Not only did it not break, but the solution allowed the crew to download flight telemetry. As an added bonus, it provided the crew exact times and locations, as well as the level of connectivity that was being produced. The aircraft did not previously have GPS-tracking capability.
Roy said the tracking is possible due to a dedicated host management solution that is accessible to the customer. The company “matched the appropriate hardware to the requirements of the customer,” he continued, “to provide in-aircraft wired and wireless networking.” The solution can also be easily duplicated with correct power and mounting requirements.
“I was blown away,” Jager said. “I instantaneously thought: ‘This is it. I don’t know what we need to do to get this, but this is what we need.’”
Turns out that to get it, Jager and the team had to jump through some proverbial hoops. There were those presented within the department by its information technology unit. There were those presented by the city of San Diego that required proof the solution worked and proof of secure datalinks.
Jager learned the signal could be scrambled and made accessible only to intended parties. With sophisticated use of VPNs and dedicated communication lines, the solution would be good to go. But security and safety concerns are never that simple. Jager said it took four years to hold all meetings and briefings necessary to clear the hoops.

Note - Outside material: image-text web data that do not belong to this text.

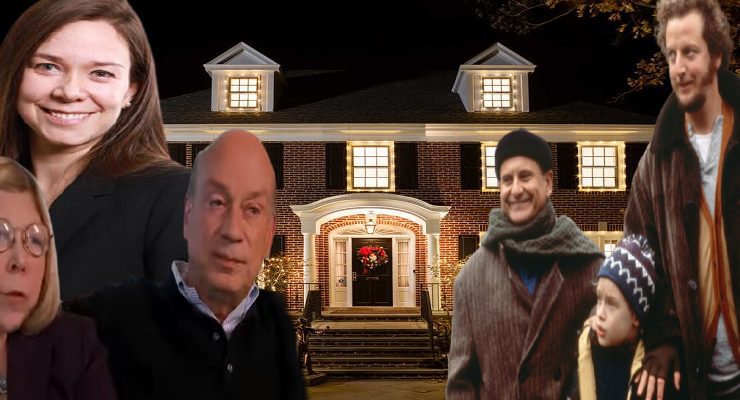 بيت فيلم وحدي في المنزل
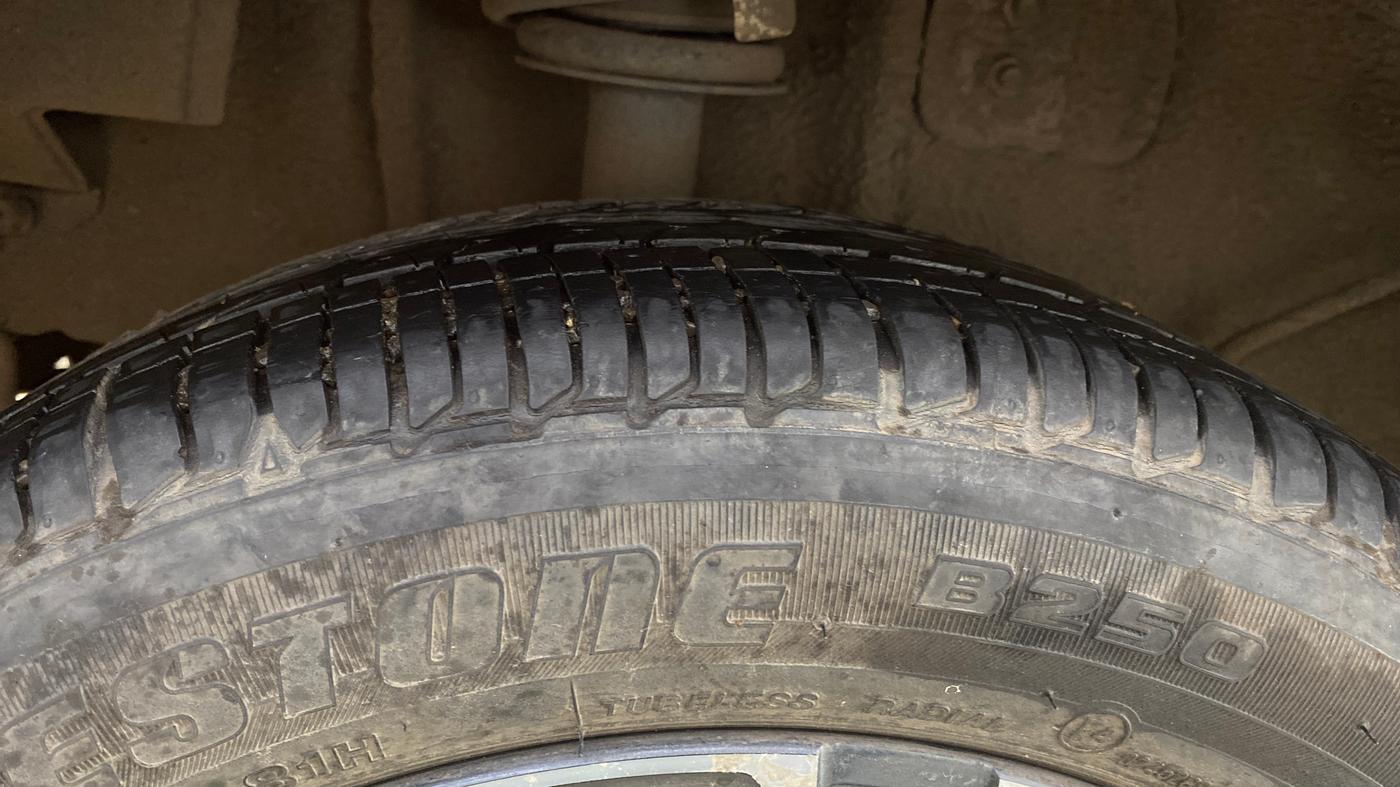 2022 Tata Tiago XZ PLUS PETROL, Petrol, Manual, 28,540 km, Right Rear Tyre Tread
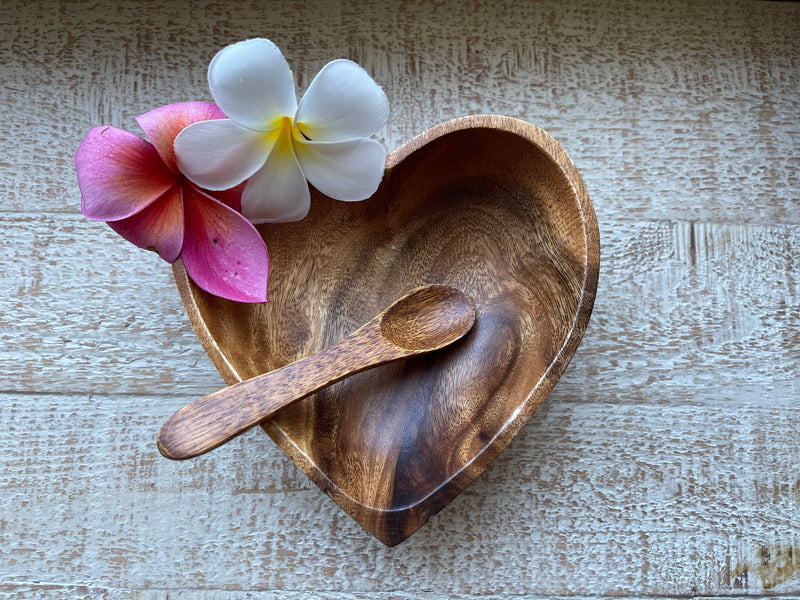 Acacia Wood Heart Bowl – Woodware and Co.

“Just like a hurricane,” Jager described, the air unit was given the go-ahead. “I envisioned that the [TFO] would have a tablet in [his or her] hand that would have no power cords going to it, no communication cords going to it — yet [he or she] would be able to sit there and look at the same [information], and at the same time, that a police officer sitting in his car on his laptop computer can see,” Jager said. “And we’ve come pretty darn close to that.”
Pretty close, indeed. Dispatch can send information directly to the TFO who can then access it on a tablet. — enabling faster response times for the helicopter.

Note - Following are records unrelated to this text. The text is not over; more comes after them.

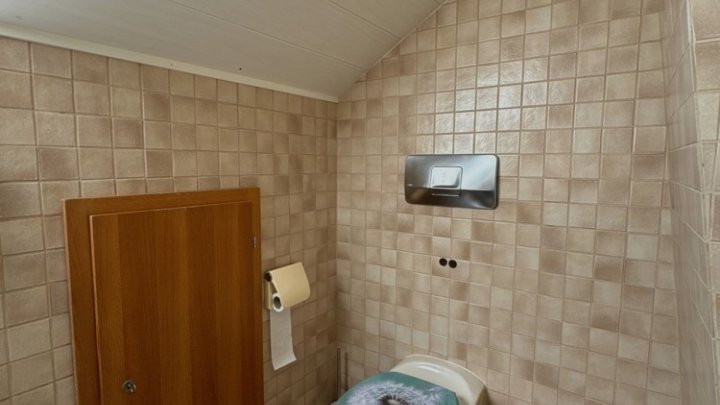 Gepflegtes 2-3 Familienhaus mit Garten + Garage, sofort verfügbar
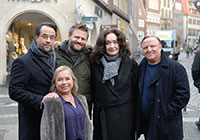 Max Zähle (2.v.l.) mit den Schauspielerinnen und Schauspielern Jan Josef Liefers, ChrisTine Urspruch, Mechthild Großmann und Axel Prahl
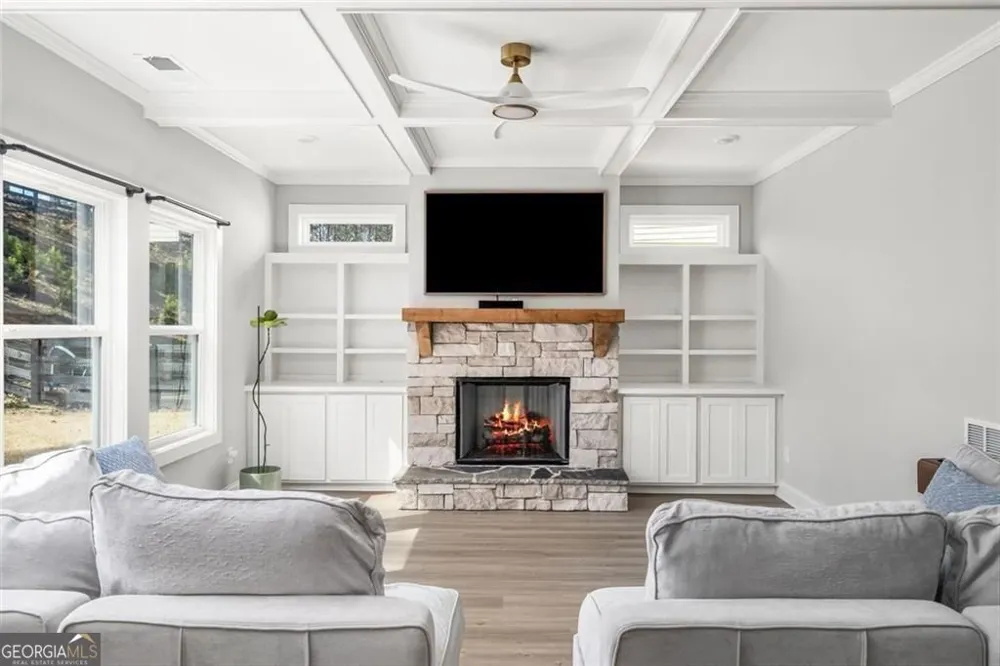 233 Mountain Ashe LN Dallas, GA 30132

The new method has not changed how the air unit handles high-intensity pursuits and other crimes in progress. Voice communication is still used, as it’s the fastest mode. When the helicopter needs to respond more quickly, the TFO can’t be facedown in the mobile communications terminal, Jager explained.
But the connectivity solution is particularly useful, he continued, when there’s a complex case with many details. For example, if a suspect is wanted by another agency that thinks the suspect is in the police department’s jurisdiction, the air unit can receive all the details — location, vehicle description — via tablet.
Or the TFO can use the tablet to see what calls are holding. When there are multiple events happening at once, available ground units respond to high-priority events first. Lower-priority events get put on hold, although they still require a response. The tablet allows the TFO to see these on-hold events. And if the helicopter is performing a routine patrol near one of them, it can fly over, check out the scene and potentially save a patrol car from responding to an event that has already ended.
Getting all that data on one screen, Jager said, is better than getting it in a series of text messages.
As for the telemetry data, concerns of losing an aircraft in rural areas have decreased as the data can show where the aircraft was the last time it was connected. Considering the aircraft did not previously have GPS tracking, the capability is a big deal. But telemetry data can also be used in situations like noise complaints to prove an aircraft was or was not in a certain location and for how long.
In the two years the San Diego Police Department Air Support Unit has been using the AT&T solution, there have been no connectivity problems. But there had been issues with security protocols. As Jager noted, it doesn’t take more than one glitch to create a domino effect. But AT&T’s 4G LTE network is reliable and affordable, he said. The department was able to purchase the solutions at the time for $2,000 each.
Jager finally got his answers, after years of asking the connectivity questions. “That’s why in the past that it never worked — because no outside vendor ever cared enough to make it work,” he said.